A strange new respect

The nomination of Harriet Miers is proving to be such a curve ball that it threatens to shake up the political landscape in ways no one could have expected. For one thing, it may revive the adage — which has become somewhat less true in modern times — that “politics makes strange bedfellows.”

Consider the weight some conservatives are according the views of Senators Specter and Leahy. Yesterday, both criticized Miers’ response to the Judiciary Committee’s questionnaire as “skimpy.” Normally, agreement by Specter and Leahy would create an almost irrebutable presumption in the minds of conservatives that the contrary proposition (whatever it was) is valid. Yet, some conservatives are citing the views of these two as authoritative (some are also picking at her answers and punctuation on their own, which another story). I don’t see Miers’ answers as too skimpy, and I wonder whether the contrary view of Specter and Leahy would hold such sway if the author were someone conservatives liked.

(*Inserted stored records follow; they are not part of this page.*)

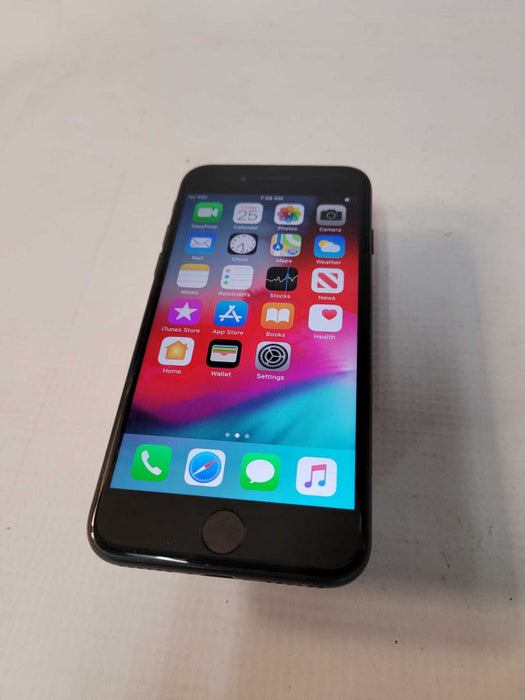 Apple iPhone 7 32GB (A1778) Q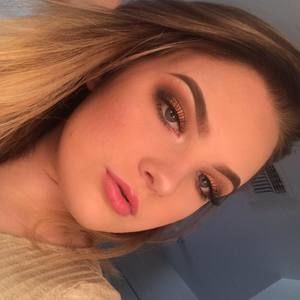 Meet your Posher, Alli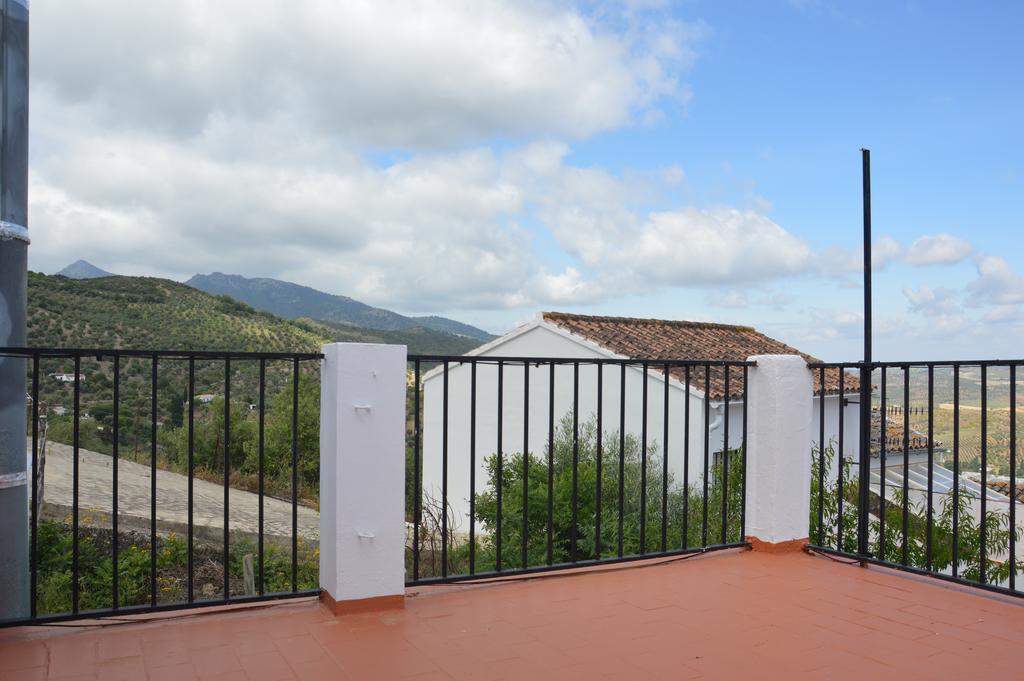 Casa Chiqui Villa Zahara De La Sierra Dış mekan fotoğraf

Specter also seems to be getting too much respect when it comes to the dispute over what Miers told him about the privacy issue. Thus, Charles Krauthammer says that Miers “confused Chairman Specter about her position on Griswold, the second most famous right to privacy case ever.” I guess one can characterize it that way. But if Specter had come out of a meeting with John Roberts confused, would one say that Roberts had confused him? Miers is no Roberts, but my money is on Specter, not Miers, as the primary culprit in this misunderstanding. It’s not like you can’t find people in Washington who, having dealt with Specter, question his ability to keep things straight at all times.